The new NVIDIA Mellanox UFM CyberAI platform minimises downtime in InfiniBand datacentres by harnessing AI-powered analytics to detect security threats and operational issues, as well as predict network failures.

It applies AI to learn a datacentre’s operational cadence and network workload patterns, drawing on both real-time and historic telemetry and workload data. Against this baseline, it tracks the system’s health and network modifications, and detects performance degradations, usage and profile changes.

The new platform provides alerts of abnormal system and application behaviour, and potential system failures and threats, as well as performs corrective actions. It also delivers security alerts in cases of attempted system hacking to host undesired applications, such as cryptocurrency mining.

The result is reduced data centre downtime, which according to ITIC, can cost more than US$300,000 an hour.

“The UFM Cyber-AI platform determines a datacentre’s unique vital signs and uses them to identify performance degradation, component failures and abnormal usage patterns,” said Gilad Shainer, Senior Vice President of Marketing for Mellanox Networking at NVIDIA.
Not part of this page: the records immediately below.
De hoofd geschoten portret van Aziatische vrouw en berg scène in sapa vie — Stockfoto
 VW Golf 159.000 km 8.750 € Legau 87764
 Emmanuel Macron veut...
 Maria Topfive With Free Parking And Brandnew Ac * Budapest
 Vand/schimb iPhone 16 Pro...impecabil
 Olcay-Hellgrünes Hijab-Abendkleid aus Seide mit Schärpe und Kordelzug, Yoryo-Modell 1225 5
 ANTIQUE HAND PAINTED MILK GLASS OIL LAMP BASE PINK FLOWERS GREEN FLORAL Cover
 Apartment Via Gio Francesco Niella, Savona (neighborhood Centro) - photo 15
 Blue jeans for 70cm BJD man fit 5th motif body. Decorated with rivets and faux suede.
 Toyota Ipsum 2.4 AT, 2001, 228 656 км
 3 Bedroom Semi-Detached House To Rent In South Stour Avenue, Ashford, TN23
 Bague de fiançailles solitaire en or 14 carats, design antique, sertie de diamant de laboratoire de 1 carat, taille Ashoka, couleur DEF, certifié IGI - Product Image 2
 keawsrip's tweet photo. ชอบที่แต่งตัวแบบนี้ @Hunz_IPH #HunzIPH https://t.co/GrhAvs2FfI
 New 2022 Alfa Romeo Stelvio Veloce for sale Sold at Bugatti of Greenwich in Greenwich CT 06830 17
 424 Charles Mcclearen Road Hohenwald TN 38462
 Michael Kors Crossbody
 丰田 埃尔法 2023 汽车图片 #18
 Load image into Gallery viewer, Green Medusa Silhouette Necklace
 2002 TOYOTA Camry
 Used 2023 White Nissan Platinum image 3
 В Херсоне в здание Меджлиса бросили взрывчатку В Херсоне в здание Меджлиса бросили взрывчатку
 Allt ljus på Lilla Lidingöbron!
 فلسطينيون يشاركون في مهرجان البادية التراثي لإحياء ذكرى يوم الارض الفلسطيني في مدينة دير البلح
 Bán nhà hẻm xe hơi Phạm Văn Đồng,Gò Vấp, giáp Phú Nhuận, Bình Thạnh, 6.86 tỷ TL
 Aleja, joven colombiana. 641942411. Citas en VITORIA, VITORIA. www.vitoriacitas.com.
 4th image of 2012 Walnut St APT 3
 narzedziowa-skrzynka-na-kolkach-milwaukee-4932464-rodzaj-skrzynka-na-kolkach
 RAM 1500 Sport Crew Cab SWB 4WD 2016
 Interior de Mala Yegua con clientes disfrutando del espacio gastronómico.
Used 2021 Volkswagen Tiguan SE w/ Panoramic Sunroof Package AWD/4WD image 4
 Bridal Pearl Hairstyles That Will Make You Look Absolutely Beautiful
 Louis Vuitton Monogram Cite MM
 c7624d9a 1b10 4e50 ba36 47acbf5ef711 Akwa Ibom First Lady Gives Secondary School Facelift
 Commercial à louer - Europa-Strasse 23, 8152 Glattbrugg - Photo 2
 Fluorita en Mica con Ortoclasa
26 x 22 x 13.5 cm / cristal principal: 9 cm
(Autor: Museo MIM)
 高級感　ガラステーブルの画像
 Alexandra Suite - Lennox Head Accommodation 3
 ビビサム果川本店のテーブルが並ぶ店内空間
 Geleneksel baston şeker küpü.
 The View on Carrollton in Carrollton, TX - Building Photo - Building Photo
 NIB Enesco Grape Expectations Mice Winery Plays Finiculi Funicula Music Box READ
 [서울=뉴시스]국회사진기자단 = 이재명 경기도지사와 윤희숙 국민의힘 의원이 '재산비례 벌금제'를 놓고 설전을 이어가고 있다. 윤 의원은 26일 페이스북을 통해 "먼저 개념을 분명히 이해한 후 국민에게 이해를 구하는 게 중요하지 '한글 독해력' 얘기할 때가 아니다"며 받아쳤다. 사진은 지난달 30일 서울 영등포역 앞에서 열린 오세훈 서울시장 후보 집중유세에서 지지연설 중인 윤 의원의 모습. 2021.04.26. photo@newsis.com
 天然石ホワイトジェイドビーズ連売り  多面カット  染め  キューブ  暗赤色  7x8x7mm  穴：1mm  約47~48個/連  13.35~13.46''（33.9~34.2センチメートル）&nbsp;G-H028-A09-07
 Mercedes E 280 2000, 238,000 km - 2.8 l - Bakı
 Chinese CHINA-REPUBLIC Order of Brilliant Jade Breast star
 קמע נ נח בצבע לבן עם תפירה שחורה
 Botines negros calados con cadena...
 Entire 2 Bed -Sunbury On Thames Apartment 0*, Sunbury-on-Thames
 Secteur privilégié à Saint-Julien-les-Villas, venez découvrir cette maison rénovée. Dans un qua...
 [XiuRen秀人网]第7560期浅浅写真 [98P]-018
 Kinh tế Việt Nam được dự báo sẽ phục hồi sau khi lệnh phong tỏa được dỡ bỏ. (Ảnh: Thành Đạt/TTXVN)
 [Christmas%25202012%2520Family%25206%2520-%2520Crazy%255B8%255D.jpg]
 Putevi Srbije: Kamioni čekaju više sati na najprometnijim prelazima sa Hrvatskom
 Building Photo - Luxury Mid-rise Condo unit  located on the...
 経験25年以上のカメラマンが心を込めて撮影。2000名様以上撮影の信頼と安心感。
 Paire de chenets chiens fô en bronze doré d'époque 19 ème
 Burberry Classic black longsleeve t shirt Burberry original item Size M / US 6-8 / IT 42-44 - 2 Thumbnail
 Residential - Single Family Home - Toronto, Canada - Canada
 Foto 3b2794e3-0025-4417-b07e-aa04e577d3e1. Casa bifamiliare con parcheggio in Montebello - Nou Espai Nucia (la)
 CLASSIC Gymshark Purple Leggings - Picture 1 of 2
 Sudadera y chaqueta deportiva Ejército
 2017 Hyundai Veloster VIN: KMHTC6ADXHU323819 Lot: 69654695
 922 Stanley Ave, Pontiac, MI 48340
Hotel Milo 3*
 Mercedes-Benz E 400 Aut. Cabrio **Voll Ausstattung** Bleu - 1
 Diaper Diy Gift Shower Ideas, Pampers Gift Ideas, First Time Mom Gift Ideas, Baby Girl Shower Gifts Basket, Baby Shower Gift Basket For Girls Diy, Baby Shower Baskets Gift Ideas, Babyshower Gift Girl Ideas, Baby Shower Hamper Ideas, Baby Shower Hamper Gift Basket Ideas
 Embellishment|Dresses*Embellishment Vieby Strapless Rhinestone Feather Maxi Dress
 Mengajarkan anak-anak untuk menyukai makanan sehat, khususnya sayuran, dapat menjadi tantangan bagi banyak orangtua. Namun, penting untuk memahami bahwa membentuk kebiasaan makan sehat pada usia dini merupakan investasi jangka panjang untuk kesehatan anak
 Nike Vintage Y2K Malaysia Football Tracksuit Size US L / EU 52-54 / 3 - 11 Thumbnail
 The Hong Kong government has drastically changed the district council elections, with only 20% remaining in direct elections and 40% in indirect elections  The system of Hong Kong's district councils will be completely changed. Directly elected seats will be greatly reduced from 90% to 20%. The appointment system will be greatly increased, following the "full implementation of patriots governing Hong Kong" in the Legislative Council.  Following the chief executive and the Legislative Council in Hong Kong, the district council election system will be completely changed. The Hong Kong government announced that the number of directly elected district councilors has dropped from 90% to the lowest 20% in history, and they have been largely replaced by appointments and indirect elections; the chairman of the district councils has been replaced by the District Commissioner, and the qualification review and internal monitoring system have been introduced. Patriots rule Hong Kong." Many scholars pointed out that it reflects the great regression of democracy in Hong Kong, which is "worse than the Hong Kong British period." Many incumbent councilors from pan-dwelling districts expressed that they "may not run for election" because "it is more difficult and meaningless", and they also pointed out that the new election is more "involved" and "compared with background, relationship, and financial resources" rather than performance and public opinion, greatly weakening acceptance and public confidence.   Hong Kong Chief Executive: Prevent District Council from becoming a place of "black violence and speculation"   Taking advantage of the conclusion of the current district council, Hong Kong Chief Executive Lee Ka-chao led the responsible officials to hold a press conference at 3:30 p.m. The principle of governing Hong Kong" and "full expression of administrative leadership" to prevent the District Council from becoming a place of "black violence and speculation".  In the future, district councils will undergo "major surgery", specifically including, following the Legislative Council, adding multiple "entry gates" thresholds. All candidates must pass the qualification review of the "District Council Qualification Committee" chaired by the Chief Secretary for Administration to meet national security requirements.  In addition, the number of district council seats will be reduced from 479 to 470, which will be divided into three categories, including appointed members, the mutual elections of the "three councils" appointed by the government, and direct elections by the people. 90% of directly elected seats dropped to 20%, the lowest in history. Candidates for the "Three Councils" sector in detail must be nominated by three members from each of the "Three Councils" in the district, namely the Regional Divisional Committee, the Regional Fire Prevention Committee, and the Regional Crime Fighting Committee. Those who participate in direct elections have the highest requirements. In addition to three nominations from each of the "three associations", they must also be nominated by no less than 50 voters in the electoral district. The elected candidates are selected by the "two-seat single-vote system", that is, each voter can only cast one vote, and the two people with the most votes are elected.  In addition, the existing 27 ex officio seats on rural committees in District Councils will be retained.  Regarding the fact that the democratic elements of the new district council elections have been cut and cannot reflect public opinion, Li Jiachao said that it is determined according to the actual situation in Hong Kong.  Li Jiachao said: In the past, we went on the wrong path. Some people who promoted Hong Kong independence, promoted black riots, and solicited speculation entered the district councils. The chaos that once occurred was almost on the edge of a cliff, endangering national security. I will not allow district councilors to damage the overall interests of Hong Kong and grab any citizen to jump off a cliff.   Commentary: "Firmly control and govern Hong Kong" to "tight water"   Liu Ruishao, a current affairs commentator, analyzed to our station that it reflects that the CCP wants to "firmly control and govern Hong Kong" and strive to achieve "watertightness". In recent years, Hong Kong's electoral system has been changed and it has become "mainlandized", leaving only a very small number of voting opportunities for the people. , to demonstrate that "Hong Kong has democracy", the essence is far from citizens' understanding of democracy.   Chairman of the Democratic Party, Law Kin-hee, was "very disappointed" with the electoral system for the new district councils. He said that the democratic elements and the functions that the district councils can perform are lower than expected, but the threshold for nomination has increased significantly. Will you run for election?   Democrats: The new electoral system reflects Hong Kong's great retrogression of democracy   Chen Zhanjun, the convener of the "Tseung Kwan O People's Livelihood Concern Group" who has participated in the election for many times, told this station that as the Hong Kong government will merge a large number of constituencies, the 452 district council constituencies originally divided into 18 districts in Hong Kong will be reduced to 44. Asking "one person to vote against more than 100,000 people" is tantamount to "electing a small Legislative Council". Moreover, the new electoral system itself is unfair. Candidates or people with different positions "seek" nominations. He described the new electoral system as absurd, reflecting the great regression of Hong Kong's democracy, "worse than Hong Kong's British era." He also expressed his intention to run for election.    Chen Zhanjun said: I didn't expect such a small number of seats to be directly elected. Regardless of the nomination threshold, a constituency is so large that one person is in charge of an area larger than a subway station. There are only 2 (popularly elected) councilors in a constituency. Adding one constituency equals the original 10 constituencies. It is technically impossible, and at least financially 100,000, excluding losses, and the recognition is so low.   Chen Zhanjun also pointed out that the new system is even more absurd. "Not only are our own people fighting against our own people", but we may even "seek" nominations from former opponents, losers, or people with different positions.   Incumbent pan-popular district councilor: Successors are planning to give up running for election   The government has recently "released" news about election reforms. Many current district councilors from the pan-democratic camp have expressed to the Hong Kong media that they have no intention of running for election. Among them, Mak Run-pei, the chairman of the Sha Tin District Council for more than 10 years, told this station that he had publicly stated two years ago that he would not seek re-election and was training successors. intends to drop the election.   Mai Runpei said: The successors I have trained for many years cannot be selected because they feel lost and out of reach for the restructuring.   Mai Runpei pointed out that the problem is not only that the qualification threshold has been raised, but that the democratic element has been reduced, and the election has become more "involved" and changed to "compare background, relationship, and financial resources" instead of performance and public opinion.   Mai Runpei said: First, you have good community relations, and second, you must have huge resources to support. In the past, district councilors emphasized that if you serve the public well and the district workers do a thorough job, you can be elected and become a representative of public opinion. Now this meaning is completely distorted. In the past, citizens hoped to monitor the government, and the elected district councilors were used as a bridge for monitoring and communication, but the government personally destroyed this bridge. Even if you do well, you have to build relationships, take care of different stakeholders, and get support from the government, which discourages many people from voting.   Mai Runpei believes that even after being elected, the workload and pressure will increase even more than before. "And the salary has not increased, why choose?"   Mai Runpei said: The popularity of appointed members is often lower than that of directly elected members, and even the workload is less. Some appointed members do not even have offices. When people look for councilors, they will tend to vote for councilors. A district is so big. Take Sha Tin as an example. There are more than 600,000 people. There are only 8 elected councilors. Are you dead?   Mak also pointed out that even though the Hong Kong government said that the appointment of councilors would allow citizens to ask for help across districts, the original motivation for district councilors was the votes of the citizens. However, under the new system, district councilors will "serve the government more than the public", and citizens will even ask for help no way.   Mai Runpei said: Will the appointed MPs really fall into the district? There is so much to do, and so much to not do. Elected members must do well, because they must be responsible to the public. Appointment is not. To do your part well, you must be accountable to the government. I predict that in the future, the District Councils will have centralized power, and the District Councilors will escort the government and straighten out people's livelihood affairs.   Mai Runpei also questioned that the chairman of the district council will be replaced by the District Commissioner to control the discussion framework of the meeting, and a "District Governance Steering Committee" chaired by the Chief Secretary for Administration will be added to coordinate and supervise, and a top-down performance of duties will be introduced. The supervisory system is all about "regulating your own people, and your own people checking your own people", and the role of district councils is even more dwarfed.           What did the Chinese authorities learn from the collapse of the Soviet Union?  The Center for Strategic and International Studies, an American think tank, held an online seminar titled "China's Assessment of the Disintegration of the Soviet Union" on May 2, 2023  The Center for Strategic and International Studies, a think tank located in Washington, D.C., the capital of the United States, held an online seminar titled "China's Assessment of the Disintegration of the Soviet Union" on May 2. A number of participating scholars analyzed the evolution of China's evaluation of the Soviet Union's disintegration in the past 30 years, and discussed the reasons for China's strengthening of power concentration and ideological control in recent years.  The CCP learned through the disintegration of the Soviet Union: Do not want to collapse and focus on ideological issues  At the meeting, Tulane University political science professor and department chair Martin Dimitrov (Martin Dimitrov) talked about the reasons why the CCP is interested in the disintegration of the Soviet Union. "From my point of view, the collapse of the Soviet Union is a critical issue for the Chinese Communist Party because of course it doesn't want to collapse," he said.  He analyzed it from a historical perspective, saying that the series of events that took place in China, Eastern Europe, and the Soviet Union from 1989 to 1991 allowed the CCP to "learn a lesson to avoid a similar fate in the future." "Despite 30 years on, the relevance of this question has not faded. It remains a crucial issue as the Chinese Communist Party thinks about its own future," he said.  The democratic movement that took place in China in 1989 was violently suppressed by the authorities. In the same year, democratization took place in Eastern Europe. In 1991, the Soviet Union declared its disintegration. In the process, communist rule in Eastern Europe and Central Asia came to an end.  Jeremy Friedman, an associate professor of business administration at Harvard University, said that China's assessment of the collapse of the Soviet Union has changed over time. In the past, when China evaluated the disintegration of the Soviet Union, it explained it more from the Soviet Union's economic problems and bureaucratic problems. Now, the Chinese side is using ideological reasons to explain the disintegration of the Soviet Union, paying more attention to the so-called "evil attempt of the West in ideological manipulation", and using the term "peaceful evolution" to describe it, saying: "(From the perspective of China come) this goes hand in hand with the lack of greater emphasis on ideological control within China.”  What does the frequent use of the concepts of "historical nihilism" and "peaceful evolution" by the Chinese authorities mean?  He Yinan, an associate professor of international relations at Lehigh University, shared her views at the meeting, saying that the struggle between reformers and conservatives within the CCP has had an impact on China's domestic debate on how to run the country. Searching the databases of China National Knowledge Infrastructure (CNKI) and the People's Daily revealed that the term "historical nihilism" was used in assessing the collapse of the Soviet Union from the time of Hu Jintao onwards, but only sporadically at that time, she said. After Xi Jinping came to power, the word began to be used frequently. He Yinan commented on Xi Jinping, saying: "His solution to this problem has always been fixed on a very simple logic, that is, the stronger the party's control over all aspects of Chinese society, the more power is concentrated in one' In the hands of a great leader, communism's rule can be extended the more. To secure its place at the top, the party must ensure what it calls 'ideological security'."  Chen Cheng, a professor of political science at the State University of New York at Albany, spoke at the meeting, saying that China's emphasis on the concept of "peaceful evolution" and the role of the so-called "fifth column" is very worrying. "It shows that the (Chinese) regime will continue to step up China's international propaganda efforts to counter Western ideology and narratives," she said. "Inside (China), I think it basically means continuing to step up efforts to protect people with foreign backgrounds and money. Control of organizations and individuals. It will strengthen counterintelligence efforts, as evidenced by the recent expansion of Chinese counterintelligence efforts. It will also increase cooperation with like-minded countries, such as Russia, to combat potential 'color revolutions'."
“It allows system administrators to quickly detect and respond to potential security threats and address upcoming failures, saving cost and ensuring consistent service to customers,” he added.

NVIDIA has also added a third member of the UFM family, the UFM Telemetry platform. This tool captures real-time network telemetry data, which is streamed to an on-premises or cloud-based database to monitor network performance and validate the network configuration.